Please don't ever "enhance" it to subtypes. Those who need a fast and proper sum of float and complex in Python at least still have some hacks like

class R(float): pass
class C(complex): pass
sum(L, start=R(0.0)) # or sum(L, start=C(0.0))

Regarding

Also, is it "simple-to-explain" for you when sum(xs) and sum(reversed(xs)) are different?

That is the type of thing that you want to have to explain. It is a good thing having people come over and over asking about it. That phenomenon is a feature of finite precision floating point arithmetic. They get to learn it. Python, a language used so often for education, now tries to hide this as early as its built in function sum, catering to ignorance.

[rhettinger]

Clap, clap, clap. ... [sarcasm] ... catering to ignorance.

Your abusive posts are not welcome here.

[skirpichev]

Please don't ever "enhance" it to subtypes.

Probably, this doesn't make sense just because __add__() can be changed for subtypes:

>>> class myint(int):
...     def __add__(self, other):
...         print("Nobody expects the Spanish Inquisition!")
...         
>>> myint()+myint()
Nobody expects the Spanish Inquisition!

I can't imagine many practical cases to do that... Perhaps, implementing some parallel algorithm for addition of big ints?
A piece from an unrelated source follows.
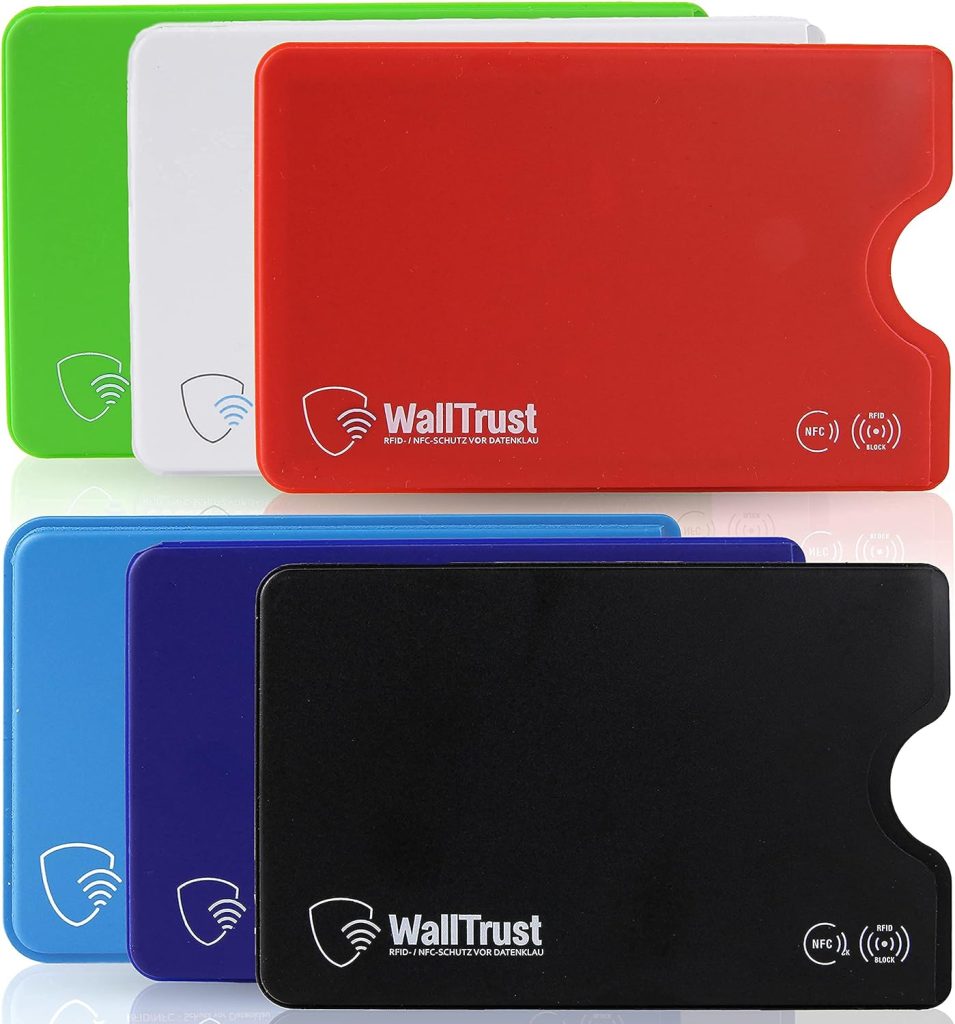WallTrust RFID NFC beschermhoes voor plastic creditcards, TÜV goedgekeurd, 3x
But that's all. More generic checks (say, PyFloat_Check()) are costly in case of negative results. But in sum() we stop specialization of given type and fall though to more generic one (say, to complex) or to using PyNumber_Add(). So, I think that more generic checks are cheap in this type of workflow.

@rhettinger, is this extension of specialization in sum() does make sense for you?

If not, please note that after 88bdb9280b we have PyLong_Check()'s in some places. I think that was a bug (CC @serhiy-storchaka). This was extended in my pr with one PyFloat_Check() and I forgot to fix that, sorry:(

a patch to fix few instances of "soft" type checks

```diff diff --git a/Python/bltinmodule.c b/Python/bltinmodule.c index a5b45e358d..49675c224c 100644 --- a/Python/bltinmodule.c +++ b/Python/bltinmodule.c @@ -2686,7 +2686,7 @@ builtin_sum_impl(PyObject *module, PyObject *iterable, PyObject *start) _Py_DECREF_SPECIALIZED(item, _PyFloat_ExactDealloc); continue; } - if (PyLong_Check(item)) { + if (PyLong_CheckExact(item) || PyBool_Check(item)) { long value; int overflow; value = PyLong_AsLongAndOverflow(item, &overflow); @@ -2735,7 +2735,7 @@ builtin_sum_impl(PyObject *module, PyObject *iterable, PyObject *start) Py_DECREF(item); continue; } - if (PyLong_Check(item)) { + if (PyLong_CheckExact(item) || PyBool_Check(item)) { long value; int overflow; value = PyLong_AsLongAndOverflow(item, &overflow); @@ -2746,7 +2746,7 @@ builtin_sum_impl(PyObject *module, PyObject *iterable, PyObject *start) continue; } } - if (PyFloat_Check(item)) { + if (PyFloat_CheckExact(item)) { double value = PyFloat_AS_DOUBLE(item); re_sum.hi += value; im_sum.hi += 0.0; ```

Python, a language used so often for education, now tries to hide

Not at all!

>>> res, xs = 0.0, [0.1]*10
>>> for _ in xs:
...     res += _
...     
>>> res
0.9999999999999999

[serhiy-storchaka]

If not, please note that after 88bdb92 we have PyLong_Check()'s in some places. I think that was a bug (CC @serhiy-storchaka).

Do you have an example where this makes difference?

[skirpichev]

Hmm, you are right, sorry for a false alarm. All such examples looks broken.